[[ Input for this task open ]]

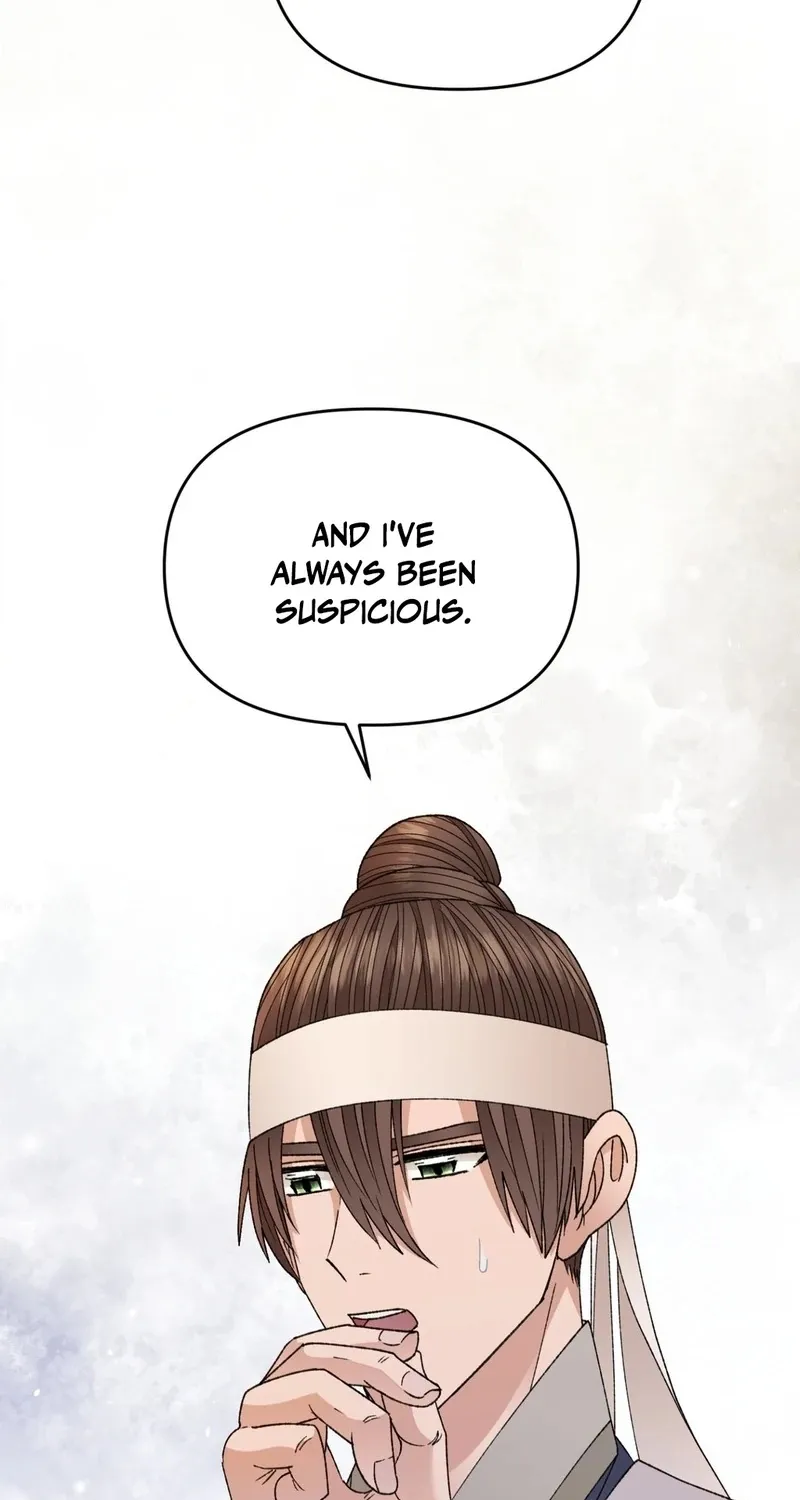 Chapter 12 — page 63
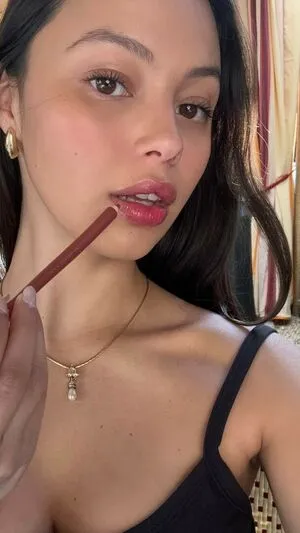 Fiona Barron OnlyFans Leaked Free Thumbnail Picture - #SAxZwg10o3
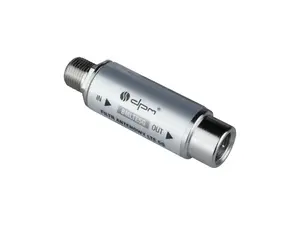 Anténní filtr DPM BMLTE5G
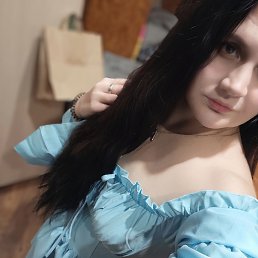���� �����, ������, 28 ��� - ��������� 10 ������ 2026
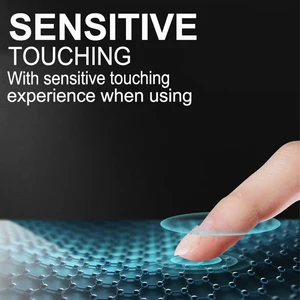 Honda Panel Protection Film Screen, Schach-TPU-Cluster, Risikoschutz, CB1000R, X-ADV, X Adv 750, Forza750, 2021-2024 8 Hauptverkaufsgremium CB1000R - №1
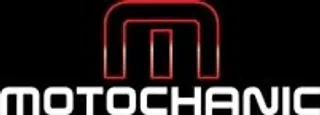 Motochanic logo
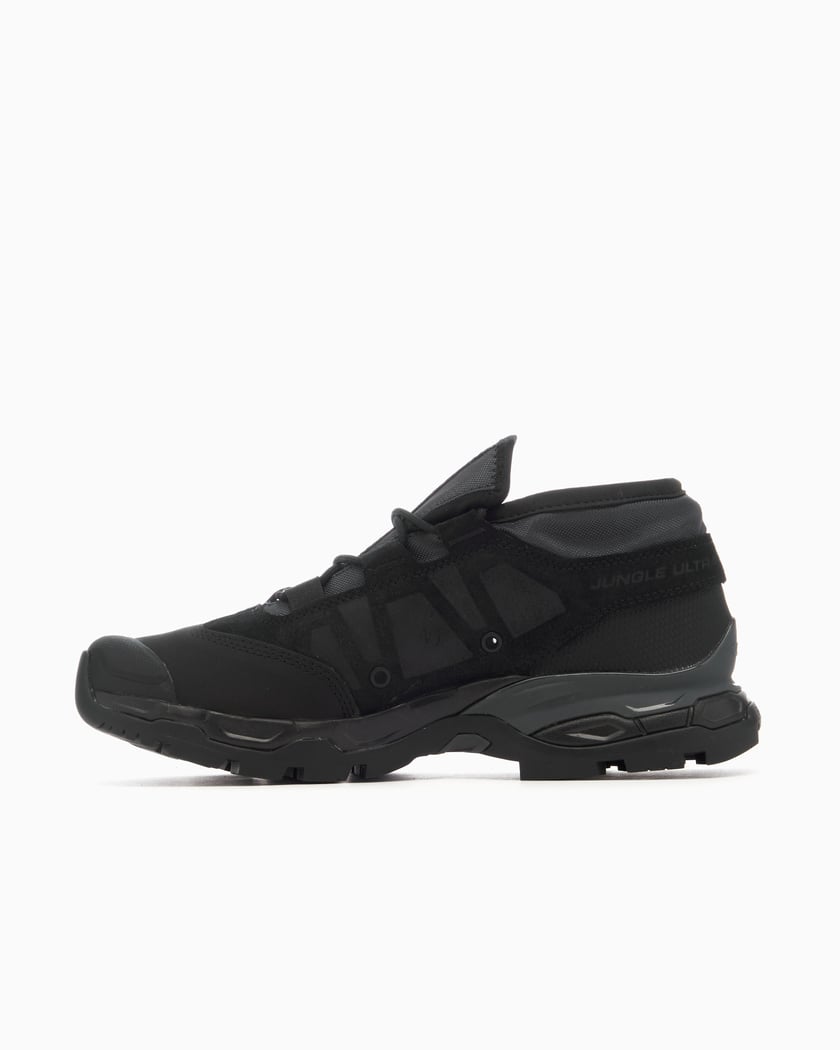 Salomon jungle on sale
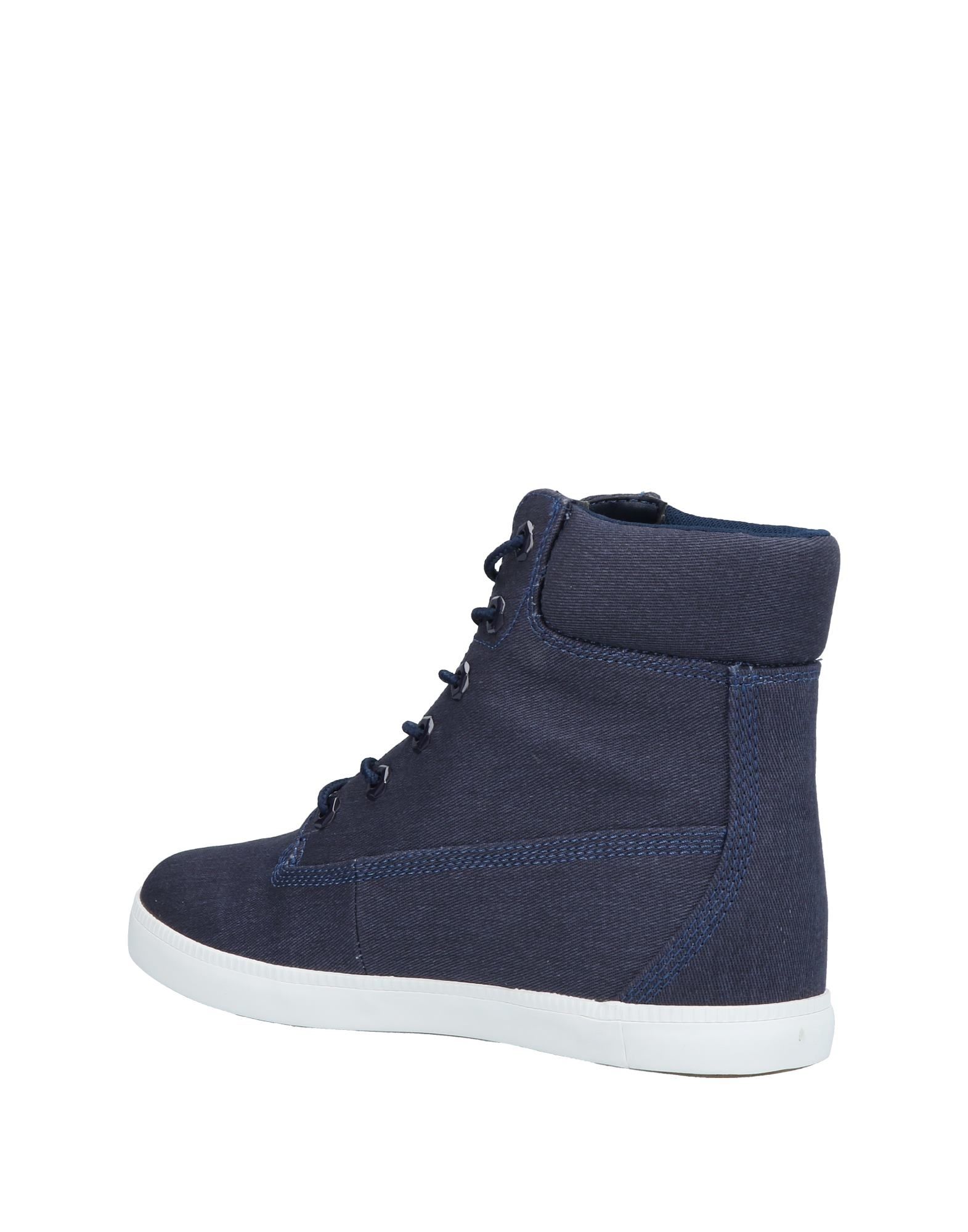 timberland france siege social timberland france siege social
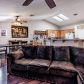 3202 Fontana Colony Court, North Las Vegas, NV 89031 ID:15715128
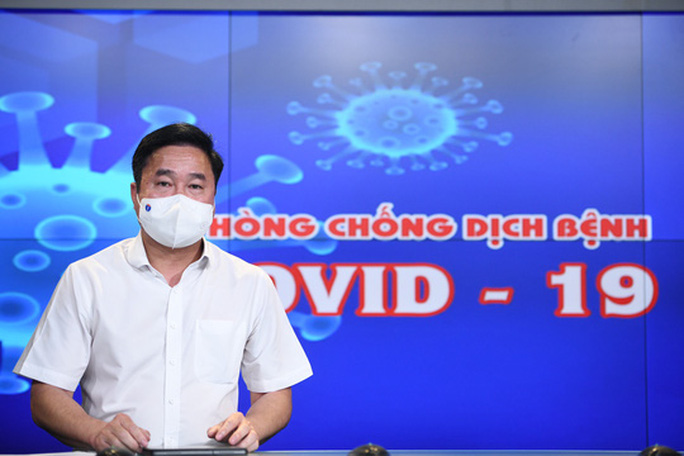 Đánh giá biểu hiện nặng và mức độ tử vong của biến chủng SARS-CoV-2 mới Đánh giá biểu hiện nặng và mức độ tử vong của biến chủng SARS-CoV-2 mới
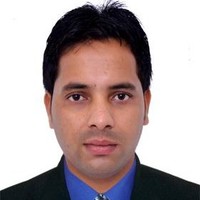 Ajay Kumar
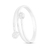 Anillo de plata Estela - comprar online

[[ Input for this task closed ]]

*Work to complete*
Please output the lines from the line that contains "3202 Fontana Colony" through the end of the records, both ends included, exactly and with no pictures.

*Completed exercise*
 3202 Fontana Colony Court, North Las Vegas, NV 89031 ID:15715128
 Đánh giá biểu hiện nặng và mức độ tử vong của biến chủng SARS-CoV-2 mới Đánh giá biểu hiện nặng và mức độ tử vong của biến chủng SARS-CoV-2 mới
 Ajay Kumar
 Anillo de plata Estela - comprar online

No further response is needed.